# THE DATA
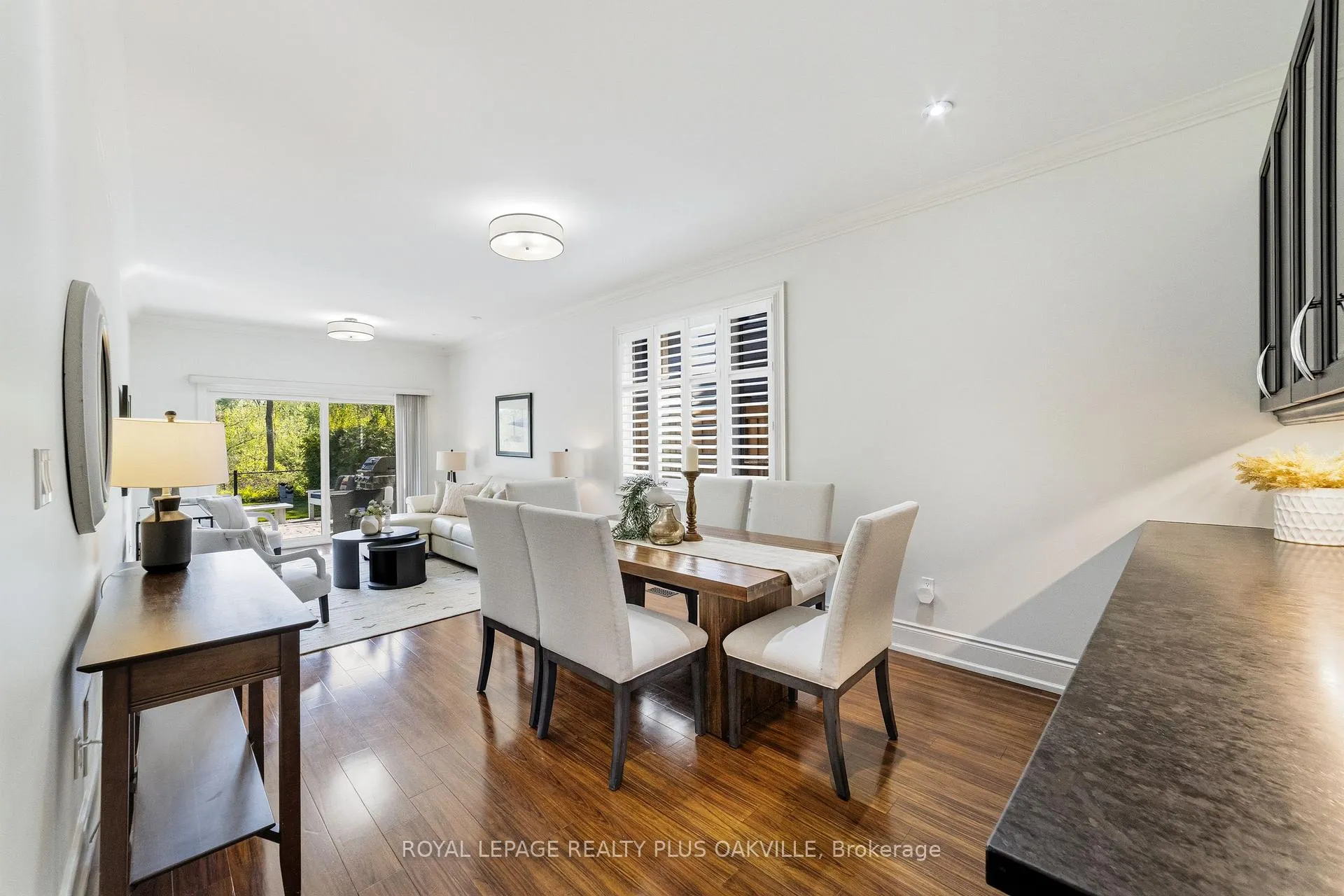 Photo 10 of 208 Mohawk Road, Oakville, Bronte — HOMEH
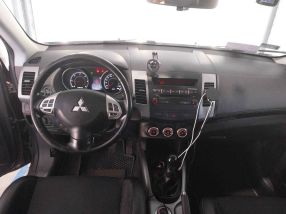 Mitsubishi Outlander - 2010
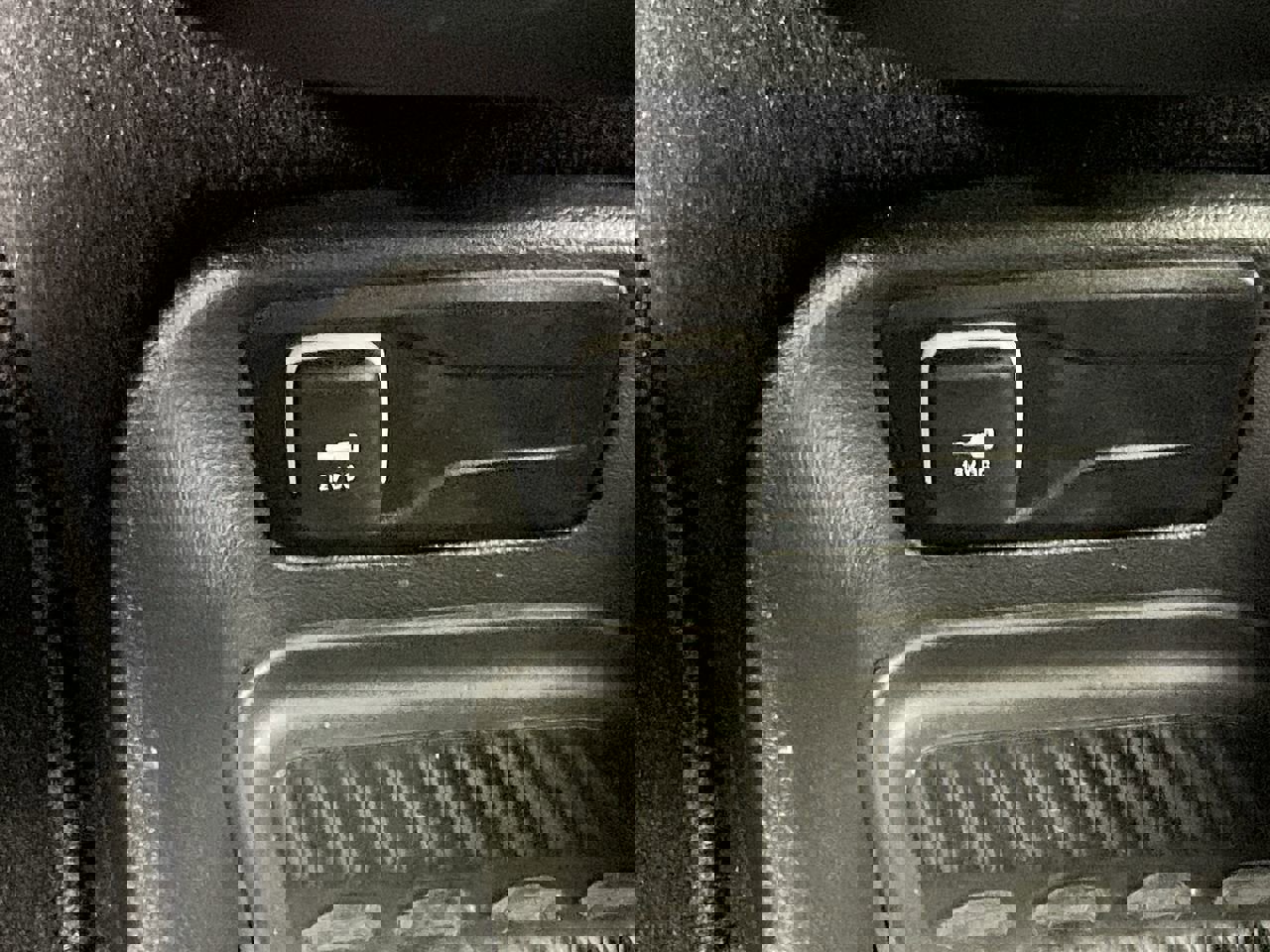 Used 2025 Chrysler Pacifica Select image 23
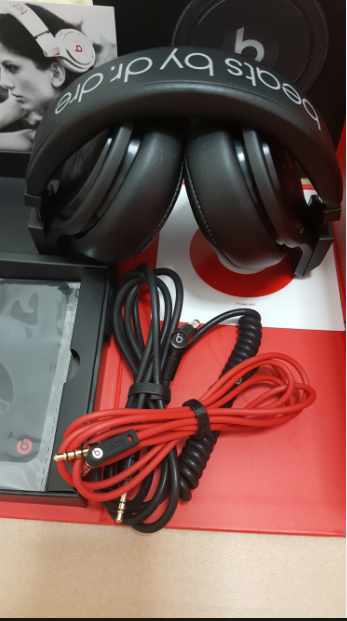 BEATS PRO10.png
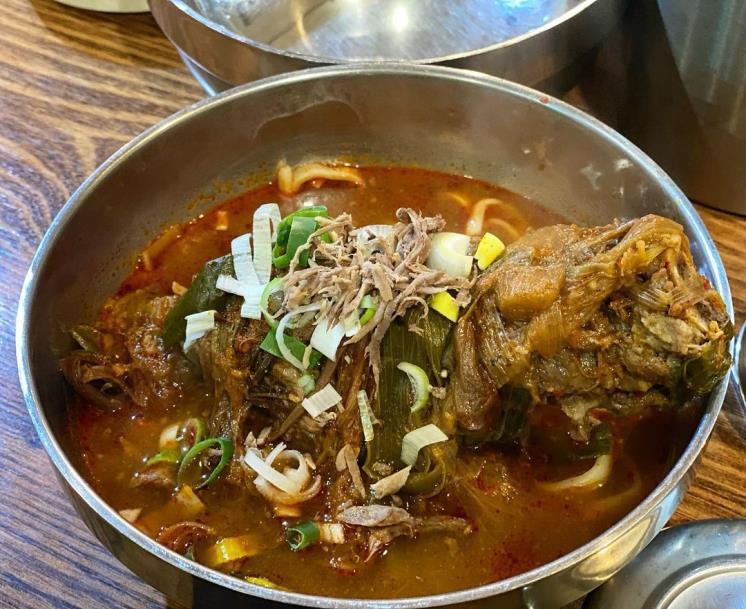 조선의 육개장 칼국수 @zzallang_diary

# EXERCISE BRIEF
All records above are to be printed exactly, minus the pictures they contain.

# EXERCISE RESPONSE
 Photo 10 of 208 Mohawk Road, Oakville, Bronte — HOMEH
 Mitsubishi Outlander - 2010
 Used 2025 Chrysler Pacifica Select image 23
 BEATS PRO10.png
 조선의 육개장 칼국수 @zzallang_diary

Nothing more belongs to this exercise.